Commenting on its Q1 2016 Compass report, Vic Malik, the head of Global Investments and Solutions for Mena at Barclays Wealth and Investment Management

US dollar volatility

“There are reasons for optimism and also caution as we look to the year ahead. Volatility on the dollar will increase for the first half of the year, as nearly all Fed meetings will be seen as ‘live’ for the possibility of a rate increase. Dealing with such interest rate policy uncertainty on the dollar is something the market has not had to consider for seven years.

“Investors will have to learn new skills to deal with this.
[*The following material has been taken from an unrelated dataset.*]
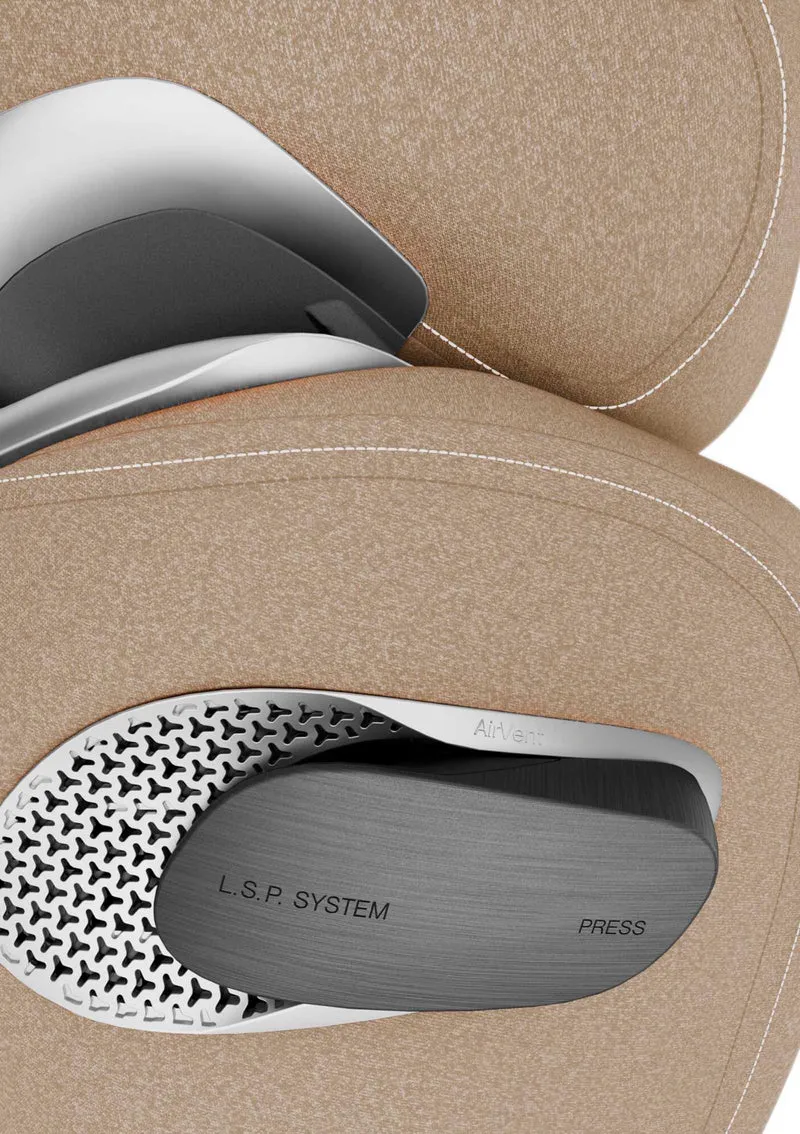 Folgesitz 'Solution T i-Fix PLUS' Cozy Beige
It will be a good year for the dollar, but it won’t be a runaway year as the Fed will struggle to deliver the four interest rate increases the Federal Open Market Committee had in their projections.”

Simon Smith, the chief economist at FXPro

Wishful thinking

“After North Korean hackers obliterate the internet, the world’s newspapers enjoy profits on a scale not seen since Gutenberg was in little leather diapers. Raises, however, are not forthcoming.”